The essential prerequisites to be able to effectively use this text are calculus, linear algebra, and some coding knowledge. The first portion of this text is about finite difference methods, which are in effect carefully chosen Taylor approximations. Most other things can be picked up while reading.

The theory of numerical PDEs cannot exist apart from PDEs. Numerical schemes which work well for one type of PDE may fail miserably when adapted to even the simplest PDE of a different type. More importantly, knowledge of how the PDE can be solved and its solution informs the design of a numerical method to approximate its solution.
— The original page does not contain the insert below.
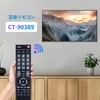 TV Remote Control CT-90389 for TOSHIBA Toshiba Regza Remote Control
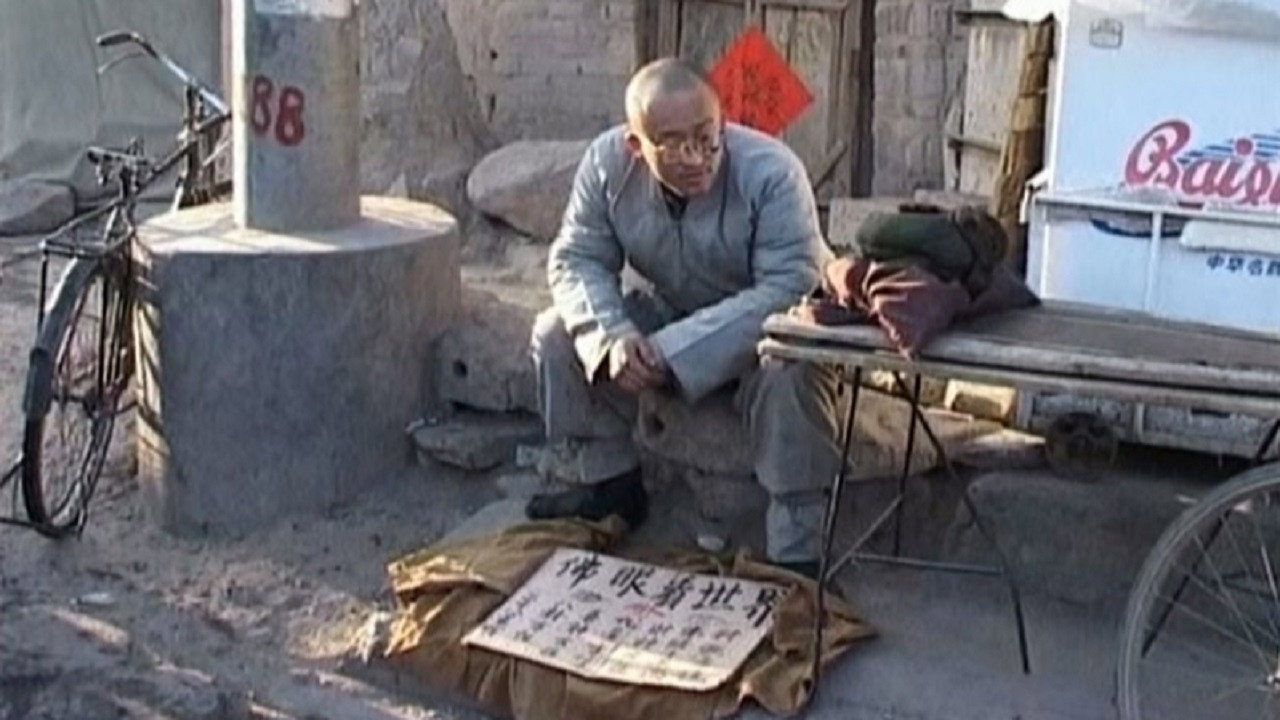 香火剧照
PDEs with known exact solutions can be good test beds for numerical methods.

Let's start with an overview of some common PDEs. I make an attempt to use $t$ to represent a time-like variable and $x$ to represent a space-like variable. If there are three dimensions in particular, may use $\mathbf x = (x, y, z)$ I try to use a bold $\mathbf x$ to represent an $n$-dimensional space-like variable. I say time-like and space-like because there is mathematically no difference between the letters $x$ and $t$, but the nature of PDEs is such that the behavior of the solution may be qualitatively very different in the directions of different variables. The letters $u$ and $v$ commonly denote solutions to a PDE and are understood to be functions of $x$ and $t$. The partial derivative operators may be written as $\frac{\partial}{\partial x}$ or just $\partial_x$. The partial derivatives of $u$ are written as $u_x$ and $u_t$. Second derivatives are written similarly: $u_{tx} = (u_t)_x = \partial_x \partial_t u$. We freely assume that all solutions are sufficiently smooth that mixed partial derivatives commute, i.e., that $u_{xt} = u_{tx}$, etc. Note that there are [well-known examples](https://en.wikipedia.org/wiki/Symmetry_of_second_derivatives) in which this is not true.

The heat equation in one dimension: $u_t + au_{xx} = 0$, where $a > 0$ is a positive constant. The function $u$ models the evolution of temperature in a one-dimensional medium of constant thermal diffusivity $a$.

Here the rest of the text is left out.